**Your goal**
Your answer should be the lines from the one containing "Duffle Bag - Red Truck" through the final line below, copied exactly.

**Supplied data**
━━━━━━━━━━━━━━━━━━━━

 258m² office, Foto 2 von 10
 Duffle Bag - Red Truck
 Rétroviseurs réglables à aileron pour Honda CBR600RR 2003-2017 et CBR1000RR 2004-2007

━━━━━━━━━━━━━━━━━━━━

**Response area**
 Duffle Bag - Red Truck
 Rétroviseurs réglables à aileron pour Honda CBR600RR 2003-2017 et CBR1000RR 2004-2007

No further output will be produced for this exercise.